Beberapa poin penting yang dapat dianalisis dari situasi ini adalah:
- Lemahnya Perlindungan terhadap Hak-Hak Buruh: Kasus ini menyoroti lemahnya perlindungan terhadap hak-hak buruh di tingkat daerah. Meskipun terdapat peraturan perundang-undangan yang mengatur tentang ketenagakerjaan dan perlindungan buruh, implementasinya masih belum optimal. Hal ini dapat dilihat dari adanya PHK sepihak, pemotongan upah, pemberangusan serikat pekerja, dan kondisi kerja yang tidak manusiawi.
- Kurangnya Responsif Pemerintah Daerah: Pemerintah daerah, baik eksekutif maupun legislatif, dinilai kurang responsif dalam menangani permasalahan yang dihadapi oleh para buruh. Hal ini tercermin dari lambatnya proses mediasi, tidak ditindaklanjutinya laporan ke pengawas ketenagakerjaan, dan tidak adanya respons dari Ombudsman.
- Potensi Konflik Industrial: Kasus ini berpotensi memicu konflik industrial yang lebih besar jika tidak segera ditangani dengan serius. Aksi-aksi protes dan demonstrasi dapat terus berlanjut dan bahkan meluas jika tuntutan para buruh tidak dipenuhi.
- Citra Negatif Investasi: Kasus-kasus pelanggaran hak-hak buruh dapat memberikan citra negatif terhadap iklim investasi di daerah tersebut. Investor akan berpikir dua kali untuk berinvestasi di daerah yang tidak menjamin perlindungan terhadap hak-hak buruh dan kepastian hukum.
Rekomendasi
Untuk mengatasi permasalahan ini dan mencegah terjadinya kasus serupa di masa depan, beberapa rekomendasi yang dapat diajukan adalah:
- Peningkatan Pengawasan dan Penegakan Hukum: Pemerintah daerah perlu meningkatkan pengawasan terhadap perusahaan-perusahaan yang beroperasi di wilayahnya untuk memastikan bahwa mereka mematuhi peraturan perundang-undangan yang berlaku. Penegakan hukum harus dilakukan secara tegas terhadap perusahaan-perusahaan yang terbukti melakukan pelanggaran hak-hak buruh.
- Peningkatan Kapasitas Mediator dan Pengawas Ketenagakerjaan: Pemerintah daerah perlu meningkatkan kapasitas mediator dan pengawas ketenagakerjaan agar mereka dapat menjalankan tugasnya dengan lebih efektif. Hal ini dapat dilakukan melalui pelatihan-pelatihan dan peningkatan kompetensi.

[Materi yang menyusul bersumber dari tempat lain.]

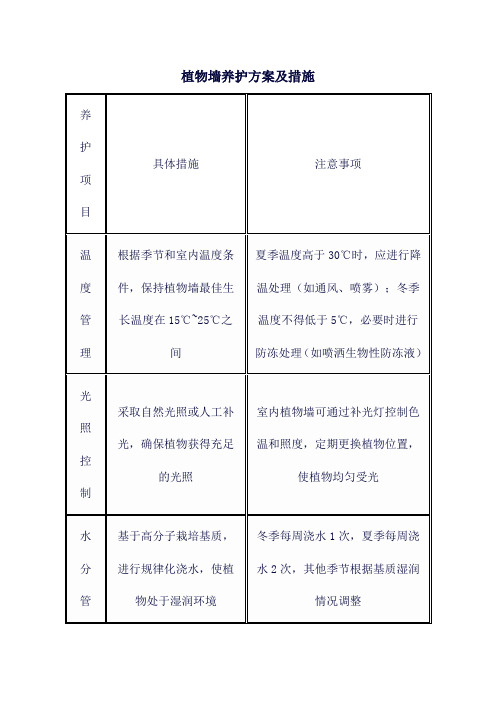 植物墙养护方案及措施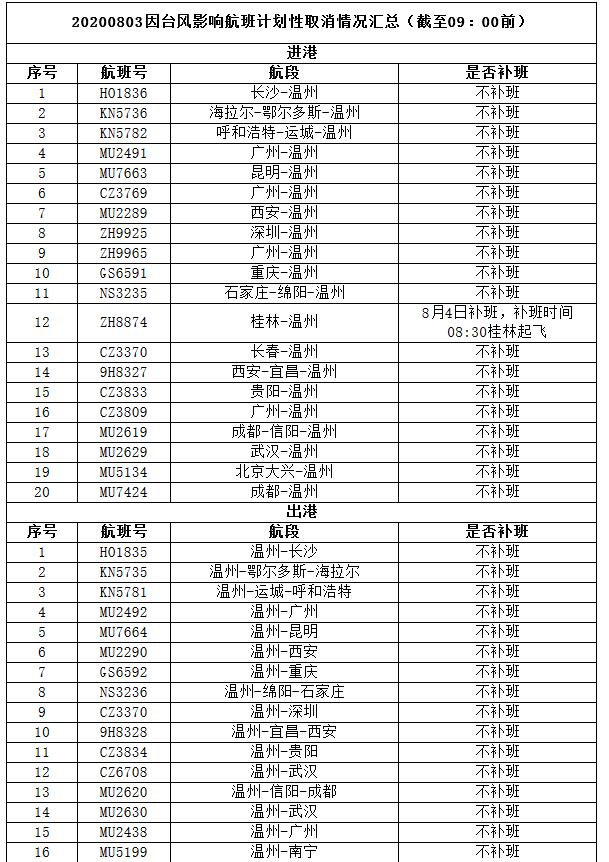 溫州永強機場受臺風影響取消航班匯總表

- Peningkatan Dialog Sosial: Pemerintah daerah perlu memfasilitasi dialog sosial antara pengusaha, pekerja/buruh, dan pemerintah untuk mencari solusi yang saling menguntungkan dalam menyelesaikan permasalahan ketenagakerjaan.
- Transparansi dan Akuntabilitas: Pemerintah daerah perlu meningkatkan transparansi dan akuntabilitas dalam proses pengambilan keputusan terkait dengan ketenagakerjaan. Informasi mengenai kebijakan dan program-program pemerintah harus disampaikan secara terbuka kepada publik.
- Peran Aktif DPRD: DPRD sebagai lembaga legislatif memiliki peran penting dalam mengawasi pelaksanaan kebijakan pemerintah dan menampung aspirasi masyarakat, termasuk para buruh. DPRD perlu lebih aktif dalam membahas permasalahan ketenagakerjaan dan mendorong pemerintah untuk mengambil tindakan yang diperlukan.
- Penyelesaian Kasus yang Adil dan Cepat: Pemerintah daerah harus segera menyelesaikan kasus PHK sepihak dan pelanggaran hak-hak buruh lainnya secara adil dan cepat. Hal ini akan memberikan kepastian hukum bagi para buruh dan mencegah terjadinya konflik yang berkepanjangan.
Dengan mengambil langkah-langkah yang komprehensif dan terkoordinasi, diharapkan permasalahan ketenagakerjaan di Sumatera Utara dapat diatasi dan hak-hak buruh dapat dilindungi dengan lebih baik. Hal ini akan menciptakan iklim investasi yang kondusif dan meningkatkan kesejahteraan masyarakat secara keseluruhan.